Australia’s flip-flop diplomacy on Jerusalem as Israel's capital - editorial

The Australians chose the Russian model, not the American one, in its approach to Jerusalem as Israel's capital.

THE JERUSALEM skyline as viewed from the Mount of Olives. (photo credit: DAN/FLICKR)
THE JERUSALEM skyline as viewed from the Mount of Olives.
(photo credit: DAN/FLICKR)

In a clumsy act of weak-kneed diplomacy, Australia on Tuesday announced that it was withdrawing former prime minister Scott Morrison’s 2018 decision to recognize west Jerusalem as Israel’s capital.

Interestingly, the reaction in Jerusalem when Morrison announced that move four years ago was underwhelming. The Prime Minister’s Office did not immediately issue a statement praising it, and the Foreign Ministry only tepidly welcomed it, saying it was a “step in the right direction.”

Why such a mild response?

Because a year after the US recognized Jerusalem as Israel’s capital and announced it would move its embassy there, the Australians acted not with the conviction of the Americans, but rather with the reluctance of the Russians. The Russians, six months before the US announcement, issued a statement saying “we view west Jerusalem” as Israel’s capital.

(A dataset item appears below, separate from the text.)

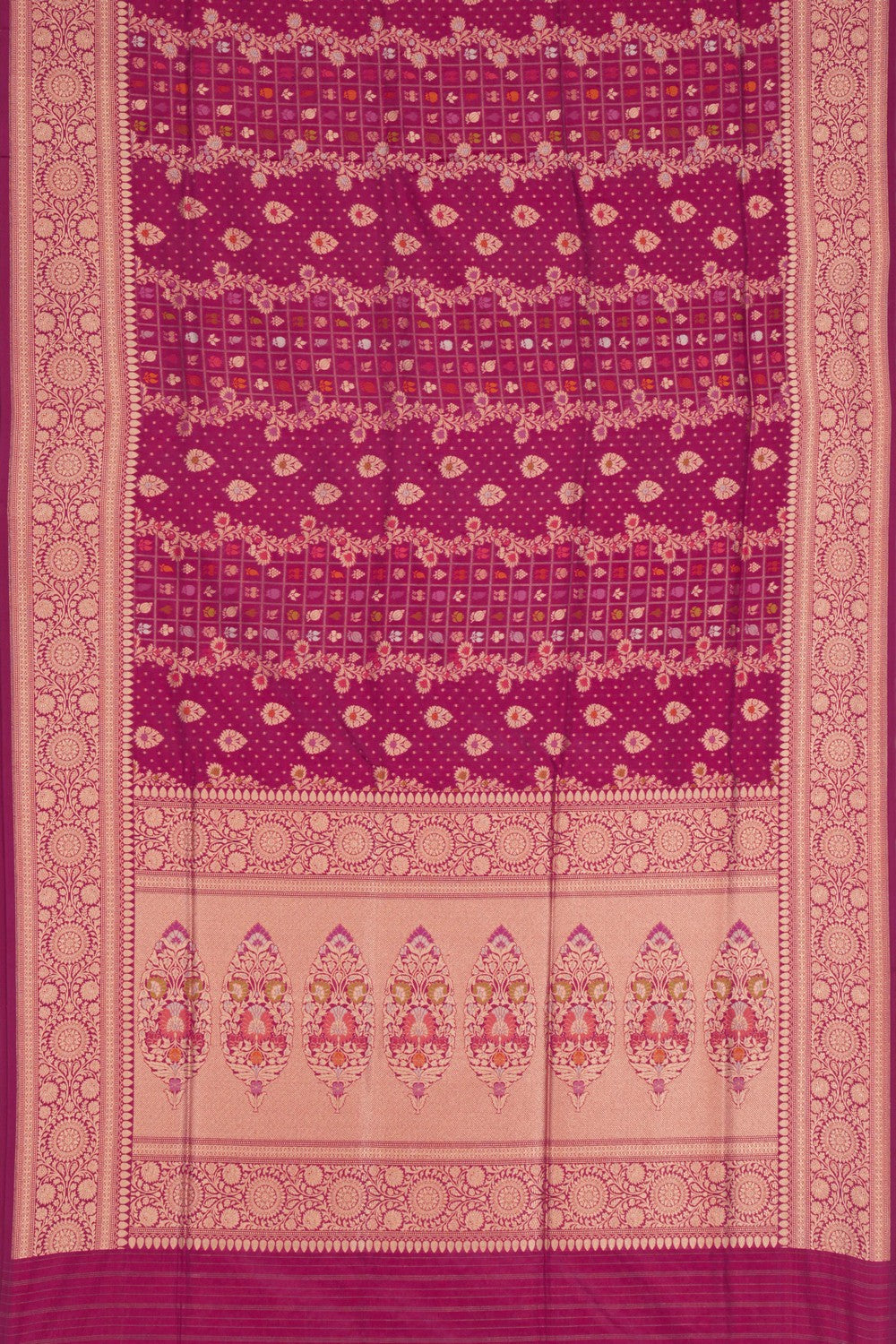 Banarasi Katan Silk Plum Pink Saree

The Australians chose the Russian model, not the American one, which explains Jerusalem’s less-than-enthusiastic response at the time. But now, even recognizing only “west Jerusalem” – and by doing so effectively acknowledging the future division of the city – is proving too much for the government of Anthony Albanese and his Labour Party.

How ironic it is that the Russians, whose relationship with Israel is now being strained by the war in Ukraine, have not reversed their Jerusalem move, while Australia, considered among Israel’s best friends in the world, has done just that.

 The national flags of Australia and Israel are seen outside the building housing the Australian Embassy in Tel Aviv, Israel October 16, 2018. (credit: REUTERS/AMIR COHEN) The national flags of Australia and Israel are seen outside the building housing the Australian Embassy in Tel Aviv, Israel October 16, 2018. (credit: REUTERS/AMIR COHEN)

And what have the Australians done by this reversal? They have said that west Jerusalem, which has been the country’s capital since 1948, is up for negotiations. In announcing the move, Foreign Minister Penny Wong said, “Jerusalem is the final-status issue that should be resolved as part of any peace agreement.”

Huh? The status of west Jerusalem needs to be resolved in negotiations?

If west Jerusalem is not sovereign Israel, does this mean that Canberra believes that the city should, as stipulated by the 1947 partition plan, eventually be a corpus separatum under a permanent international regime? Western Jerusalem, as Australia and the rest of the world fully know, will always remain a part of Israel, and no serious peace proposal has ever suggested otherwise.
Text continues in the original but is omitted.